PostgreSQL Performance Tuning: From Slow Queries to Sub-Second Responses
Sabin Shrestha
Full-Stack Developer
A well-tuned PostgreSQL database can handle millions of queries per second. A poorly configured one struggles with hundreds. Let's explore how to optimize PostgreSQL for production workloads.
Understanding Query Execution
Before optimizing, you need to understand how PostgreSQL executes queries. The EXPLAIN ANALYZE command is your best friend:
EXPLAIN ANALYZE
SELECT u.name, COUNT(p.id) as post_count
FROM users u
LEFT JOIN posts p ON p.author_id = u.id
WHERE u.created_at > '2025-01-01'
GROUP BY u.id
ORDER BY post_count DESC
LIMIT 10;
Output breakdown:
Limit (cost=1234.56..1234.78 rows=10 width=40) (actual time=45.123..45.156 rows=10 loops=1)
-> Sort (cost=1234.56..1250.00 rows=5000 width=40) (actual time=45.120..45.145 rows=10 loops=1)
Sort Key: (count(p.id)) DESC
Sort Method: top-N heapsort Memory: 25kB
-> HashAggregate (cost=1100.00..1150.00 rows=5000 width=40) (actual time=43.000..44.500 rows=4850 loops=1)
Group Key: u.id
-> Hash Left Join (cost=100.00..1000.00 rows=50000 width=36) (actual time=1.234..35.000 rows=48500 loops=1)
Hash Cond: (p.author_id = u.id)
-> Seq Scan on posts p (cost=0.00..500.00 rows=30000 width=8) (actual time=0.010..10.000 rows=30000 loops=1)
-> Hash (cost=80.00..80.00 rows=5000 width=36) (actual time=1.200..1.200 rows=4850 loops=1)
Buckets: 8192 Batches: 1 Memory Usage: 350kB
-> Seq Scan on users u (cost=0.00..80.00 rows=5000 width=36) (actual time=0.005..0.800 rows=4850 loops=1)
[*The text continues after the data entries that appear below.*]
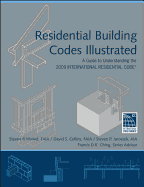 Residential Building Codes Illustrated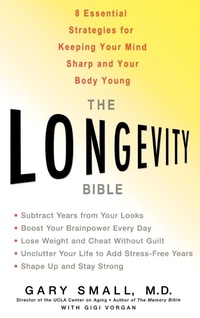 Enlarge image Cover: The Longevity Bible - Balance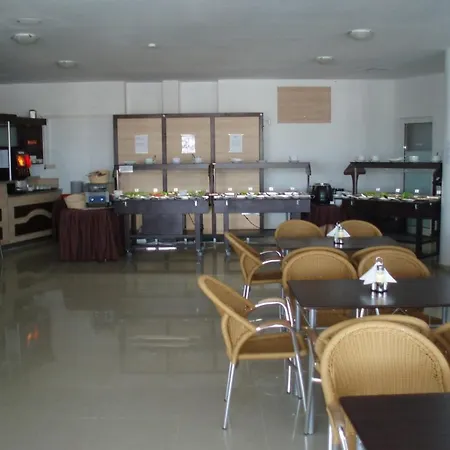 Arcadia Apartament *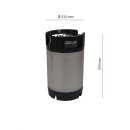 Bierfass KEG - 9 Liter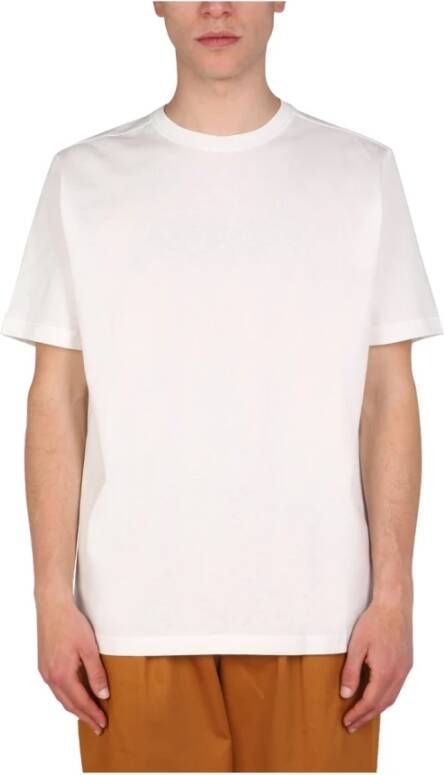 PS By Paul Smith T shirts , Wit, Heren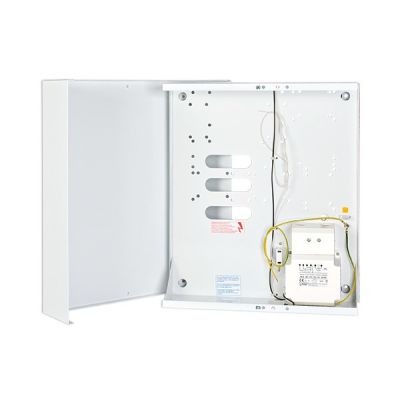 Satel OMI-3 Metal housing with transformer 230 V / 20 V AC, 50 VA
Filter: (created_at > '2025-01-01'::date)
Rows Removed by Filter: 150
Planning Time: 0.250 ms
Execution Time: 45.200 ms
Key metrics to watch:
- Seq Scan - Full table scan (often bad for large tables)
- actual time - Real execution time
- rows - Number of rows processed
- loops - Number of times the node executed
Indexing Strategies
B-Tree Indexes (Default)
Best for equality and range queries:
-- Single column index
CREATE INDEX idx_users_email ON users(email);
-- Composite index (order matters!)
CREATE INDEX idx_posts_author_created ON posts(author_id, created_at DESC);
-- Partial index (smaller, faster)
CREATE INDEX idx_posts_published ON posts(created_at DESC)
WHERE published = true;
Index Column Order Matters
For a composite index (a, b, c):
| Query Pattern | Uses Index? | |--------------|-------------| | WHERE a = 1 | ✅ Yes | | WHERE a = 1 AND b = 2 | ✅ Yes | | WHERE a = 1 AND b = 2 AND c = 3 | ✅ Yes | | WHERE b = 2 | ❌ No | | WHERE a = 1 AND c = 3 | ⚠️ Partial (only a) |
GIN Indexes for Arrays and JSONB
-- For array columns
CREATE INDEX idx_posts_tags ON posts USING GIN(tags);
-- For JSONB columns
CREATE INDEX idx_users_metadata ON users USING GIN(metadata);
-- Query using the index
SELECT * FROM posts WHERE tags @> ARRAY['typescript', 'nodejs'];
SELECT * FROM users WHERE metadata @> '{"role": "admin"}';
Expression Indexes
Index computed values:
-- Index for case-insensitive search
CREATE INDEX idx_users_email_lower ON users(LOWER(email));
-- Query that uses it
SELECT * FROM users WHERE LOWER(email) = '[email protected]';
Covering Indexes (Include)
Include non-key columns to avoid table lookups:
-- Include columns needed by the query
CREATE INDEX idx_posts_author_covering ON posts(author_id)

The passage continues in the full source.